GOAL OF THE EXERCISE:
Transcribe the lines below verbatim, skipping the images.

STORED DATA:
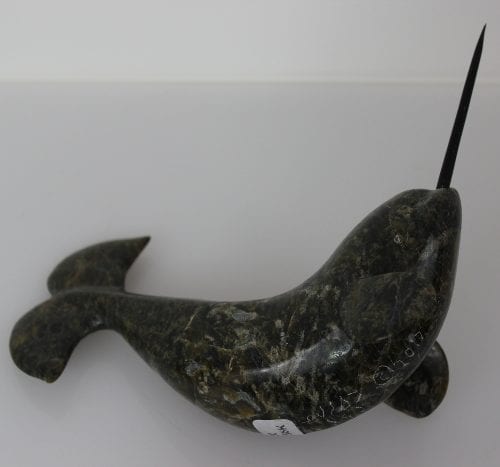 Narwhal by Nungusuituk Qajurajuk from Cape Dorset/Kinngait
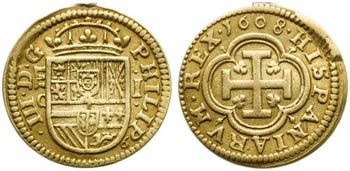 1608. Felipe III. Segovia. C. 1 escudo. (AC. ... 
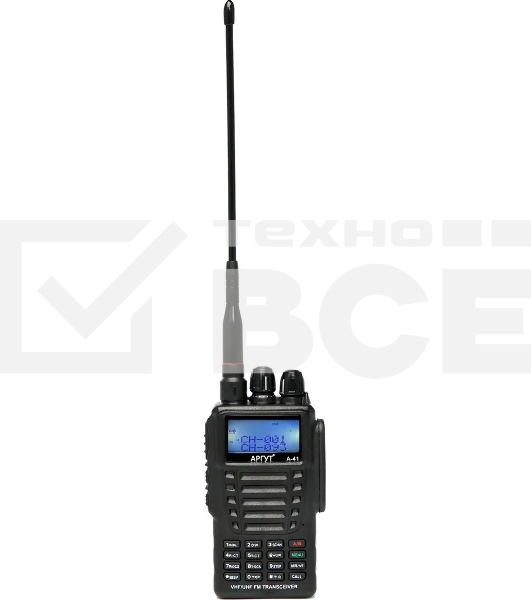 Рация Аргут А-41 199кан. до 22.20км компл.:1шт аккум. черный (RU51005)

RESULT OF THE TASK:
 Narwhal by Nungusuituk Qajurajuk from Cape Dorset/Kinngait
 1608. Felipe III. Segovia. C. 1 escudo. (AC. ... 
 Рация Аргут А-41 199кан. до 22.20км компл.:1шт аккум. черный (RU51005)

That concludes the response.